More than 500 suspected cases and 131 deaths were linked to the deadly virus in the DRC, and two cases and one death were reported in Uganda.
The outbreaks underscored the urgency for rapid international coordination in responding to global health threats. The question the Geneva meeting must confront is whether the WHO can still effectively handle such a task.
The United Nations health agency had come under heavy criticism for the crucial delay in responding to Covid-19. The virus causing it, first detected in Wuhan, China, in December 2019, was already racing across the world by the time the WHO declared it as a pandemic in March 2020.
That’s not all. Faced with a virtually unknown coronavirus variant, the WHO initially issued contradictory advice regarding the wearing of face masks and border closure guidelines.
“Covid-19 exposed the extent to which pandemic preparedness was limited and disjointed, leaving health systems overwhelmed when actually confronted by a fast-moving and exponentially spreading virus,” the Independent Panel for Pandemic Preparedness and Response concluded.
It said the “combination of poor strategic choices, unwillingness to tackle inequalities and an uncoordinated response system allowed the pandemic to trigger a catastrophic human and socioeconomic crisis.”

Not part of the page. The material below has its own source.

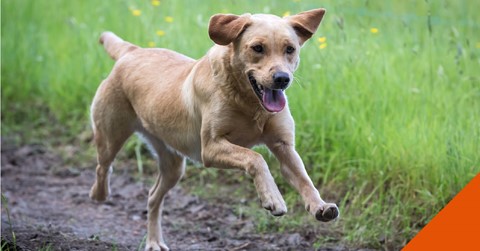 How to help your itchy dog in Teddington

On the plus side, the WHO led in establishing Covax, the mechanism that speeded up the development of Covid vaccines and enabled doses to be distributed worldwide. It also began work on the Pandemic Agreement, a legally binding framework for equitable access to vaccines and other medical countermeasures, supply chain resilience and transparent data-sharing during future outbreaks.
Acknowledging that Covid-19 exposed “deep vulnerabilities,” the agency last year launched the Strategic Joint Evaluation of the Collective International Development and Humanitarian Assistance Response to Covid-19.
The evaluation is the WHO’s call to action “to confront a simple truth: the next pandemic is not a question of if, but when. What the world chooses to do now will determine how prepared we are when that moment comes.”
The organization, however, was hamstrung by major challenges last year, the biggest of which was severe cuts in funding.
In 2025, the United States announced it was officially withdrawing from the organization. The US has been the WHO’s most generous donor, shelling out as much as $550 million annually in mandatory dues and voluntary funding.
The funding shutdown triggered a $2.5-million budget deficit, forcing the agency to slash allocations for frontline humanitarian programs for HIV/AIDs, maternal and child health, tuberculosis, and malaria.
The participants at this year’s assembly have a lot on the table. They have to finalize the Pandemic Agreement, which has stalled because negotiations are deadlocked over a key annex, the pathogen access and benefit-sharing system. A compromise between wealthy nations and developing countries on equitable vaccines and data remains elusive.
The WHO must also find a way to mesh climate mitigation into global health care delivery and infuse more assistance to economically strapped countries in reinforcing clinics to withstand extreme weather, mapping shifting vector-borne disease zones and tracking the impacts of pollution on health.
It must scale up pathogen surveillance networks to ensure that lessons learned from Covid-19 translate into standard procedure for tracking influenza-related diseases.
Suerie Moon, co-director of the Global Health Center at the Geneva Graduate Institute, believes the WHO had weathered the storm, and that the hantavirus crisis provided “a clear illustration of why the world needs an effective, trusted, impartial, reliably funded WHO.”
The Covid-19 pandemic has accelerated changes in the world health architecture. The WHO must build on the momentum of those changes in reshaping its response approach from reactive emergency management to proactive, long-term global resilience.